Art africain méconnu.

    La meilleure pratique de l'art, quel qu'en soit la tendance, est celle qui fut développée par les africains, connu sous le nom d'art nègre. Cependant, les occidentaux n'arrivent jamais à l'interpréter, ni à le reproduire, avec le doigté et le style qu'il faut. Un exemple frappant fut donné en 1905 par des européens qui, ayant essayé d'interpréter l'art plastique africain, n'ont apporté que des ratures. Ces ''ratages'' du style d'art africain furent dénommés par eux-mêmes ''cubisme''.

    Un autre exemple flagrant est l'action painting de Jackson Pollock, dont les œuvres furent classées comme expressionnisme lyrique. En réalité cette tendance de l'art occidental, aussi bien comme tant d'autres, n'est qu'une application conceptualisée des protocoles et des rhétoriques multiséculaires du batik, du bôkôlan, de l'indigo…

    Par ailleurs, le design actuel est carrément une application du principe fonctionnaliste emprunté à l'art africain utilitaire. Cela a été le remède qui a donné un souffle nouveau à l'art occidental moribond alors en proie à des crises répétitives quasi permanentes depuis 1900.

    L'inconscience générale du monde de tels forfaits est corroborée par le fait que, même les disciplines scientifiques telles que l'anthropologie, l'ethnologie, la sociologie, l'histoire…ne peuvent pas élucider les questions et les résolutions contenues dans cet art. Elles ne peuvent pas restituer la logique et les notions de sa philosophie ; et non plus réaliser des versions d'œuvres actuelles sur la base d'analyses théoriques conséquentes.
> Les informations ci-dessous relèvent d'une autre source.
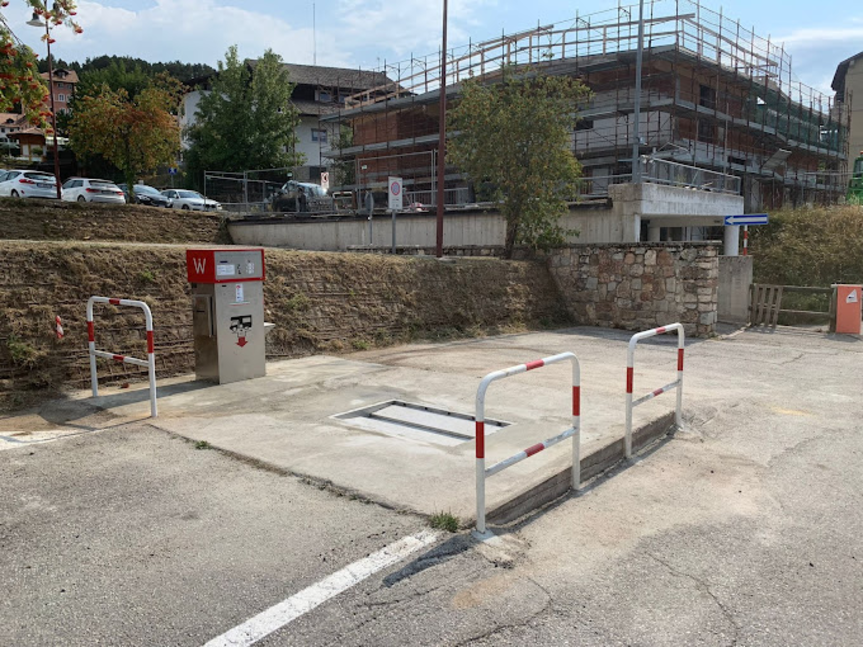 Piazzola di servizio ai Camper vicino ai Vigili del Fuoco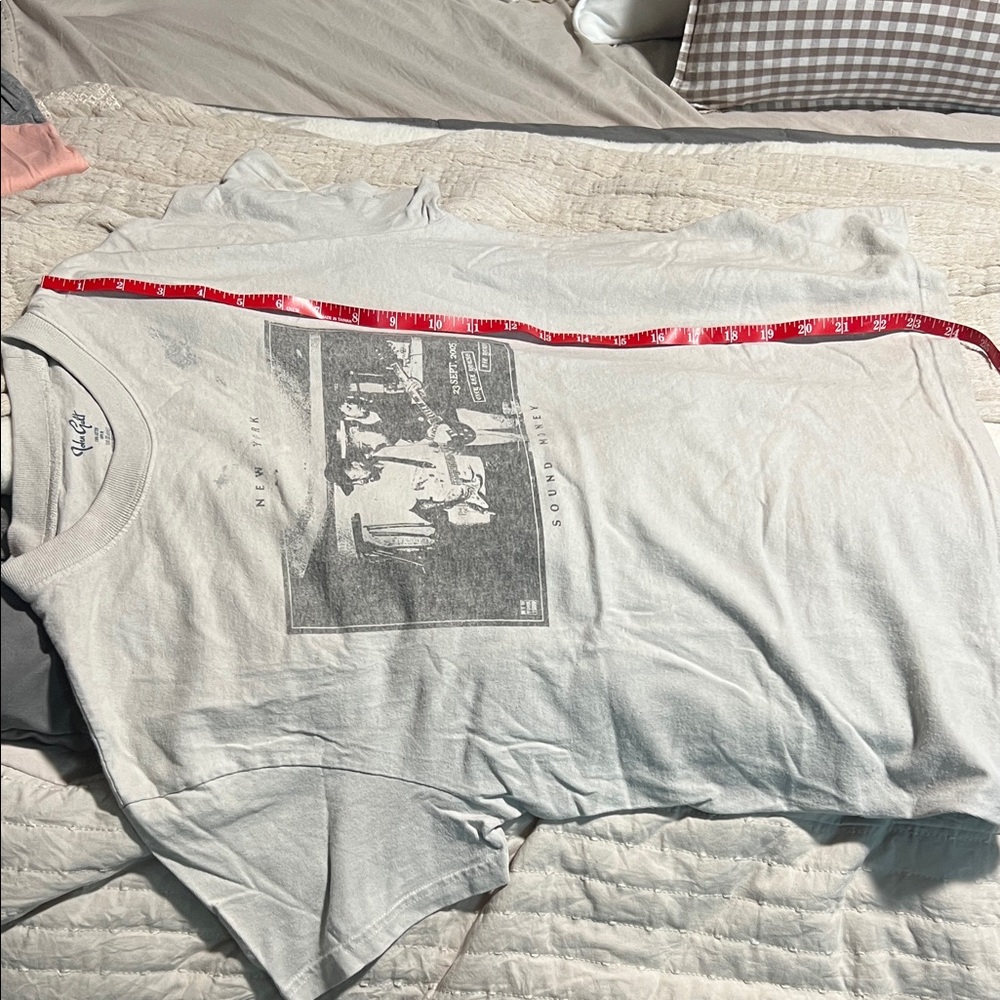 John galt Brandy Melville Off-White Graphic Tee - Picture 7 of 9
    En fait il faut savoir qu'une vraie critique systématique de l'art africain n'existe pas encore jusqu'à nos jours. Dès lors se pose le problème de comment enseigner l'art africain à l'école ? Puisque, à part la tradition orale aucune autre instruction n'est encore établie.

    L'histoire de l'art africain est méconnue. Cela pose des problèmes graves car celle des pays occidentaux est affectée de mensonges par le fait de s'appuyer sur des esthétiques usurpées aux africains. Non seulement l'art africain demeure méconnu théoriquement, mais aussi les plagiats qui se sont opérés dans ses principes font l'objet de nouvelles tendances artistiques dans les pays occidentaux.

    Nonobstant l'usurpation du savoir africain par les esthètes occidentaux, les principes ainsi expérimentés d'après leur esprit cartésien, soit matérialiste ou bien idéaliste, en rajoutent aux connaissances et aux observations traditionnelles de l'art africain. L'Afrique recouvrira davantage sa mémoire dans la reconquête de ses valeurs endogènes, et enrichira toujours le monde de ses richesses culturelles ancestrales.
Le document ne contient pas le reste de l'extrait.